At first, utilities will be able to earn up to 100 basis points on top of their usual rate of return for meeting the four performance metrics, though that number could change over time.

The EAMs are called transitional, Zibelman explained, because in the future, regulators expect market forces will “help yield where we need to go.” But commissioners had priorities for the utilities to meet before that time, inspiring the performance metrics.

“We are very concerned about the system efficiency, so we wanted to make sure there was a clear incentive around that,” Zibelman said. “As we're moving toward having more and more distributed energy resources and utilities start treating these resources like customers … making sure their needs are being met was something that was very important.”

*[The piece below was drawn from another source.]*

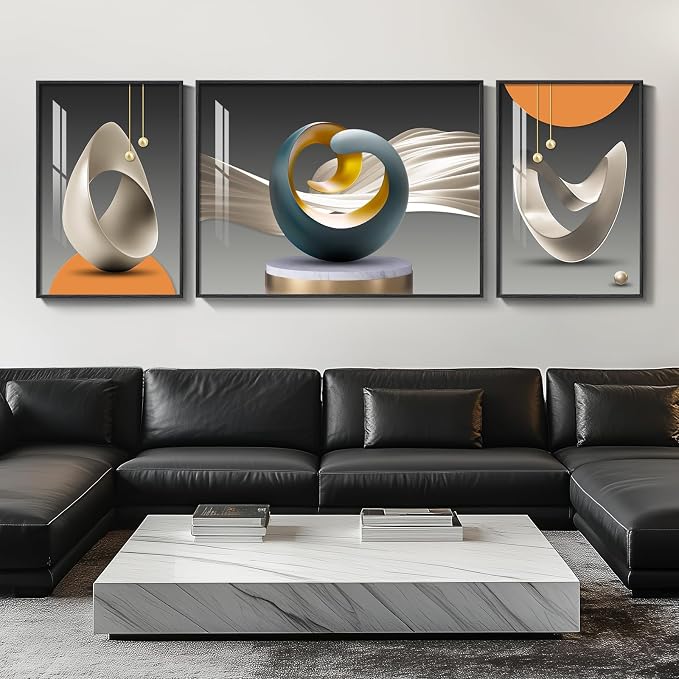 Extra Large Framed Modern Luxury Large Wall Art for Living Room, Set of 3 Piece Bright Style Abstract Paintings Artwork for Walls, Big Size Art Prints Pictures for Hallway Dining Room Office Wall Decor by Cuspin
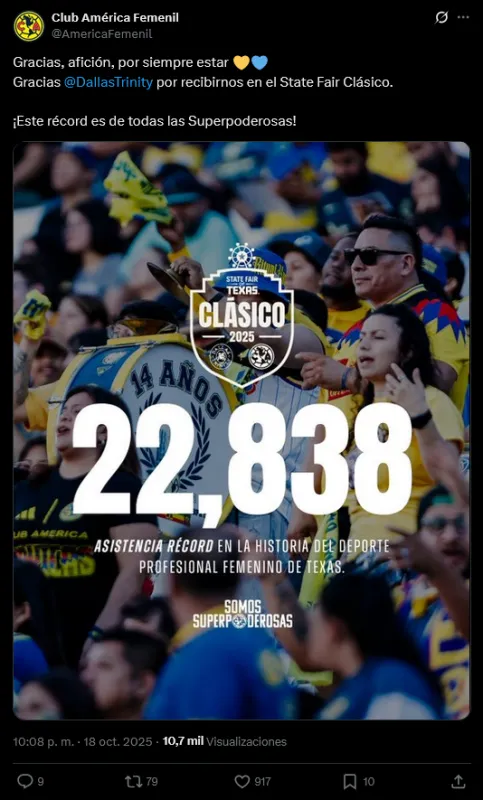 América Femenil presume récord | X: AmericaFemenil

Like the PSRs, how the EAMs will manifest themselves in utility practices remains to be seen. While some efficiency targets will be recommended by the Clean Energy Advisory Council, utilities will propose other metrics around efficiency, engagement and interconnection in their rate cases.

“They've put a lot of the onus on utilities to come up with the specific metrics and targets for the EAMs, so it's not clear to me or anyone yet what those specific targets are going to look like,” AEE's Katofsky said. “While the order clearly said we are going to have performance metrics in these areas, it didn't specify how aggressive they would be and what the actual rewards would be except that they said broadly that the total incentive utilities could earn would be up to 100 basis points for all the EAMs combined.”

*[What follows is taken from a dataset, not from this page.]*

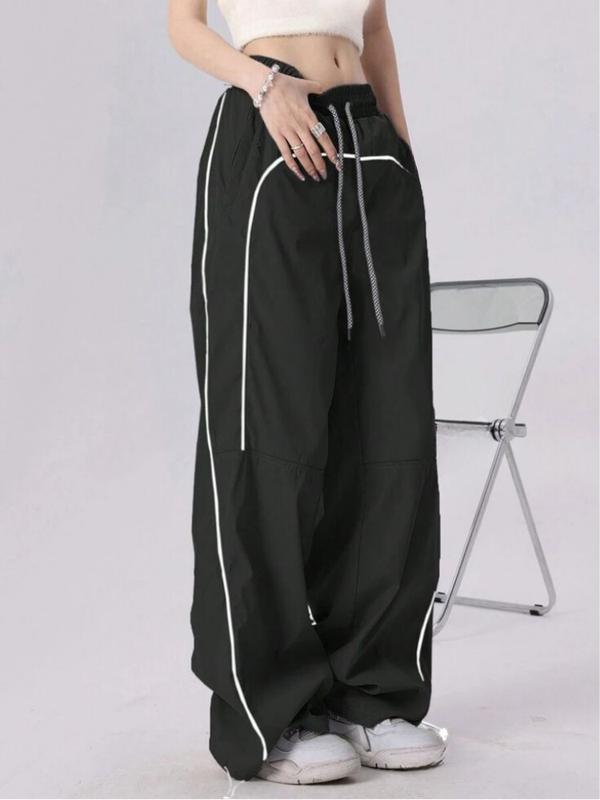Quần gió nữ Cherrrysweet thể thao vải dù chất lượng cao có dây rút viền phối màu đẹp T131 Women Pants Sport 8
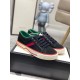 Gucci Black Canvas Webbing Low Top Trainers Front Perspective Three-quarter front angle of Gucci Black Canvas Webbing Low Top Trainers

ConEd has already put some of the practices envisioned by the EAMs into action, Ketschke said. The utility's Brooklyn Queens Demand Management (BQDM) project, referenced multiple times throughout the order, provides an example of what regulators hope to inspire with the EAMs and by allowing utilities to earn a rate of return on non-traditional investments.

In 2014, regulators turned back a ConEd proposal to build a new $1 billion substation to compensate for demand increases in Brooklyn, saying the utility should find a cheaper option. ConEd returned with an request for 52 MW of distributed resources and demand-side solutions to meet the same need for significantly less cost.

Under the old regulatory model, ConEd could not earn a rate of return on those DER and DSM investments. But it would be able to do so under the new order, and such projects could also help it increase its ROI by hitting the performance standards laid out in the EAMs.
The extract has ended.